- Conference: Big West Conference
- Record: 9–19 (6–12 Big West)
- Head coach: Leonard Perry (1st season);
- Home arena: Cowan Spectrum

= 2001–02 Idaho Vandals men's basketball team =

American college basketball season

The 2001–02 Idaho Vandals men's basketball team represented the University of Idaho during the 2001–02 NCAA Division I men's basketball season. Members of the Big West Conference, the Vandals were led by first-year head coach Leonard Perry and played their home games on campus at Cowan Spectrum in Moscow, Idaho.

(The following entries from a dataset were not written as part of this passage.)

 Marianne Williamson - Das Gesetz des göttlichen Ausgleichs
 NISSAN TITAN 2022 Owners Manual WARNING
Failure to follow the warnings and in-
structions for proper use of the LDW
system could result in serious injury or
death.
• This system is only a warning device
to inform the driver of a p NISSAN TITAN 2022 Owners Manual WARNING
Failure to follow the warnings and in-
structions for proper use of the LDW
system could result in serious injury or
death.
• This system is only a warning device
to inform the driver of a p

The Vandals were 9–18 overall in the regular season and 6–12 in conference play, eighth in the standings. They met league champion and top-seed Utah State in the first round of the conference tournament in Anaheim and lost by twenty points.

==Postseason result==

| Date time, TV | Rank^{#} | Opponent^{#} | Result | Record | Site (attendance) city, state |
Big West tournament
| Thu, March 7 2:30 pm | (8) | vs. (1) Utah State Quarterfinal | L 41–61 | 9–19 | Anaheim Convention Center (1,781) Anaheim, California |
*Non-conference game. (#) Tournament seedings in parentheses. All times are in Pacific time.